Skills Hub

Peer feedback

Discussing ideas with other students on your course can be an effective way of developing your ideas. If you are struggling with new concepts, other students may be able to explain them to you in a way that you understand. They may also be able to suggest readings that they found useful. But avoid sharing work, as this could lead to allegations of collusion (a very serious type of academic misconduct).


For most of your modules at Sussex, your tutors will have set up a website or Canvas site with additional online resources to help support your learning. The websites will include lecture notes and recommended reading, and there may be opportunities for feedback. Forum discussions can be a good way to get informal feedback and discuss ideas with other students on your module. Your tutor will be able to see your discussions and contribute to any discussion threads.

The Student Mentor scheme in your school is another way to gain feedback from your peers. Find out more about mentoring by contacting your School Office.

Consider combining socialising with studying and try organising an informal reading or discussion group with other students on your module.



Second-year Electrical and Electronic Engineering

View Tayo's student perspective


Within your mates you're going to have some people who are really good, brilliant. Talk to them, there's no need to be shy about learning, you can get from each other. Because when you say it you think about it as well, you think what am I saying am I saying the right thing? And from there you understand - yeah, I am saying the right thing or the wrong thing. And you just figure it out.

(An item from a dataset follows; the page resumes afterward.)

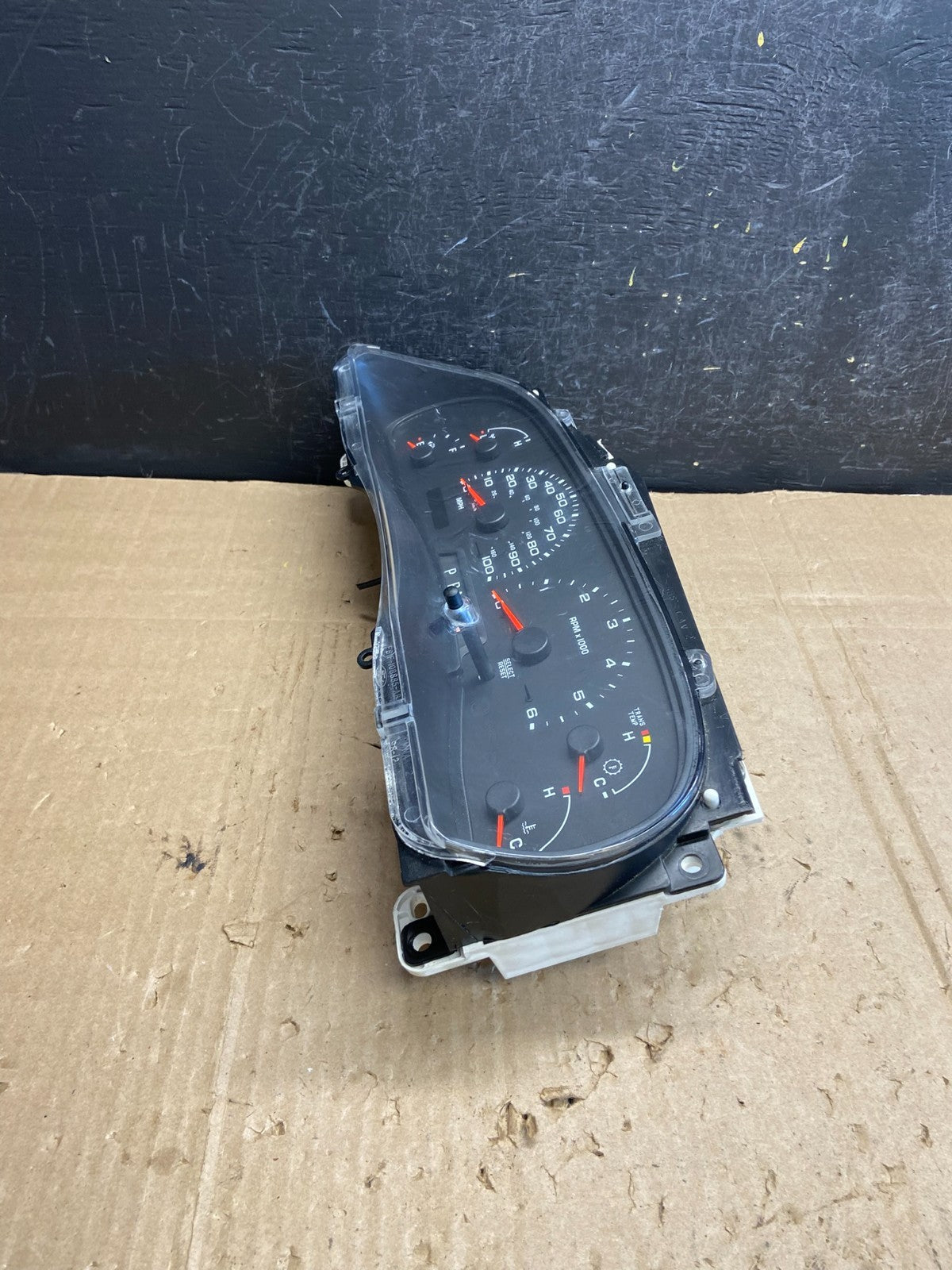 2000 2001 2002 Ford Expedition Speedometer Instrument Gauge Cluster Oe ae1876 DG2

Third-year English Literature

View Kalim's student perspective


One way that I find that I learn a lot as well and enjoy my course is by talking to other students about it. I think that happens in all courses but especially with English literature because people want to talk about books when they've read books or when you've read anything. That also plays quite an important role in thought processes, especially when you're all writing essays together. It's moral support and you all group together and you're probably writing different essays but just grinding out ideas with each other. It's good practice for actually putting your ideas out on paper.